Le pari au cœur du projet, c’est la création d’une identité commune, en jouant sur la complémentarité des trois offres. Évidemment, elle prendra corps dans deux ans, lorsque le deuxième bâtiment accueillera le mudac (musée de design et d’arts appliqués contemporains) et le Musée de l’Élysée (photo). Parfois, et ce sera le cas dès l’ouverture de celui-ci en novembre 2021, les trois musées partageront un sujet commun d’exposition. Ou ce seront simplement des vernissages coordonnés, «par exemple une fois par an, pour attirer les gens de très loin», imagine Bernard Fibicher, directeur du Musée cantonal des Beaux-Arts (MCBA).

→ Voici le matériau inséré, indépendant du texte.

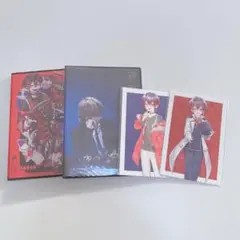 あっとくん あとわん2 ポストカード CD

Chantal Prod’Hom, qui préside aussi le Conseil de direction de Plateforme 10, est convaincue que «le fait d’être à trois est un atout formidable. Que 1+1+1, ça fait plus que 3.» La mixité des trois disciplines amènera immanquablement des publics différents, qu’il s’agit d’amener à élargir leur curiosité. Il y aura bien sûr des billets communs, un catalogue commun, une promotion commune en Suisse et à l’étranger. «Nous ferons de gros efforts au niveau de la presse alémanique ou internationale, parce qu’il y a de quoi faire venir du monde à Lausanne, renchérit Bernard Fibicher. Il y a déjà l’Hermitage que les visiteurs adorent, la Collection de l’art brut, unique au monde, que tous les touristes japonais vont voir. Avec nos trois musées réunis, pour une ville de 150'000 habitants, c’est une offre culturelle incroyable!»
Mais les idées ne manquent pas pour profiter aussi de l’attrait des lieux, de la proximité de la gare et la localisation en pleine ville. «Nous allons fortement augmenter l’offre en médiation culturelle, non seulement pour des visites commentées, mais par exemple avec des visites sandwich à midi, qui permettront aux personnes inscrites de passer une demi-heure devant deux ou trois œuvres avant de manger ensemble un sandwich au restaurant», annonce Bernard Fibicher. Au Musée de l’Élysée, les trois brunchs annuels cartonnent, selon la directrice Tatyana Franck, et « là nous pourrons en proposer tous les dimanches.»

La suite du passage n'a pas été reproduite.